**Provided material**
-- -- --

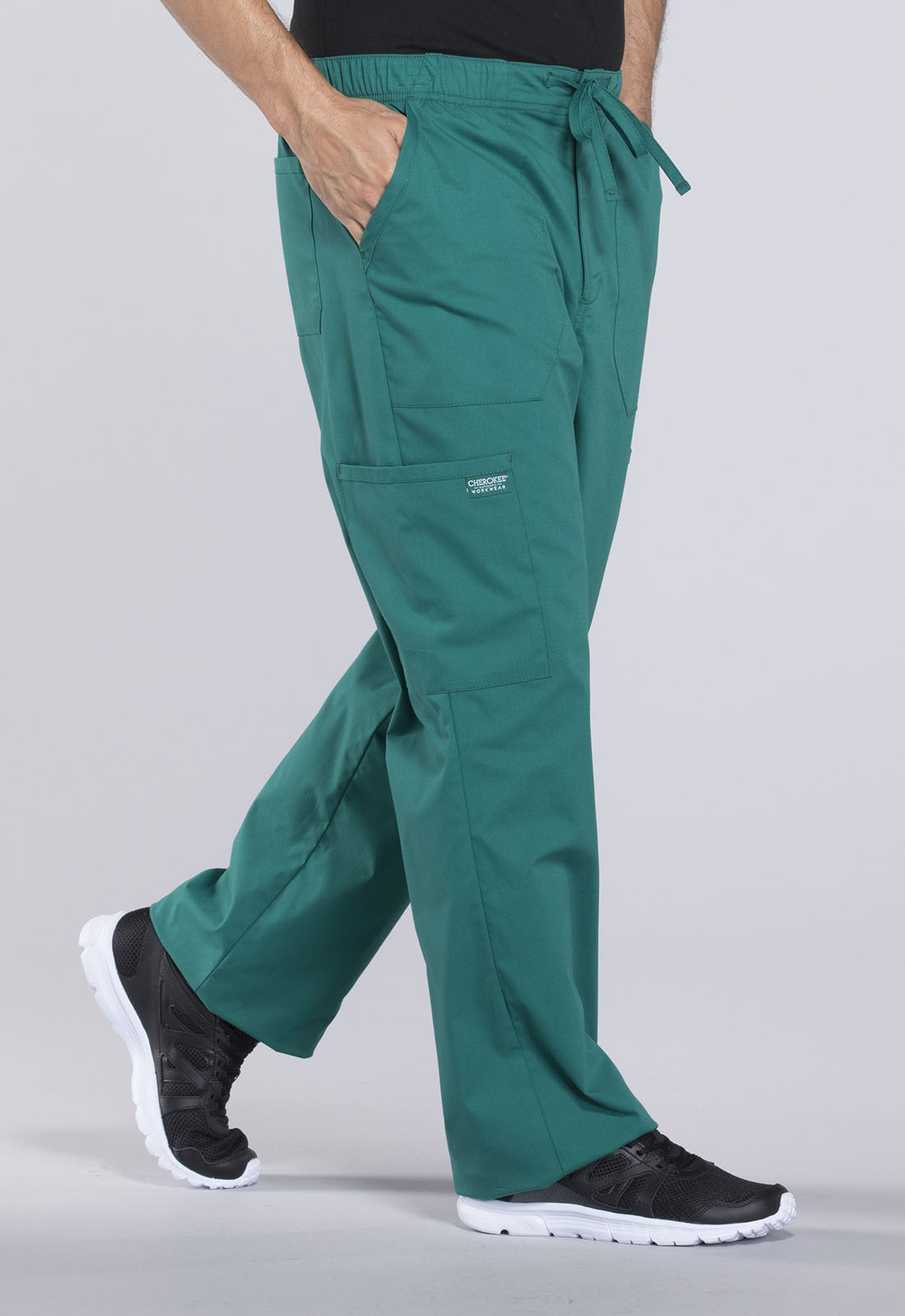 Professionals WW190 Men's Tapered Leg Fly Front Cargo Pants Hunter Green Model Image Left Side | Cherokee Workwear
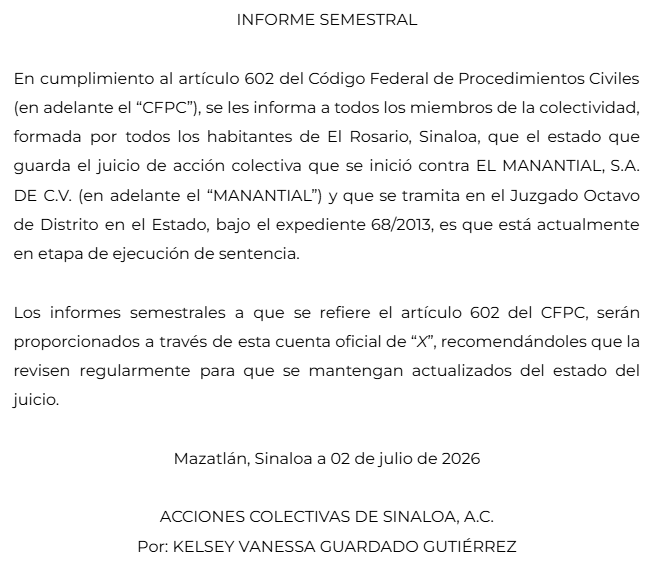 ACSinaloa's tweet photo. Les compartimos el informe semestral, relativo al juicio de acción colectiva difusa presentado en contra de El Manantial, S.A. de C.V., por los actos de contaminación generados con motivo de descargas de aguas residuales y manejo de residuos. https://t.co/5606dTNuJR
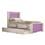 Cama Bibox Solteiro Móveis Europa Monalisa 3445 Flex c/ 2 Gavetas - Branco/Lilás/Rosa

-- -- --

When you retype the material above, copy each line exactly and drop whatever images appear in it.

 Professionals WW190 Men's Tapered Leg Fly Front Cargo Pants Hunter Green Model Image Left Side | Cherokee Workwear
 ACSinaloa's tweet photo. Les compartimos el informe semestral, relativo al juicio de acción colectiva difusa presentado en contra de El Manantial, S.A. de C.V., por los actos de contaminación generados con motivo de descargas de aguas residuales y manejo de residuos. https://t.co/5606dTNuJR
 Cama Bibox Solteiro Móveis Europa Monalisa 3445 Flex c/ 2 Gavetas - Branco/Lilás/Rosa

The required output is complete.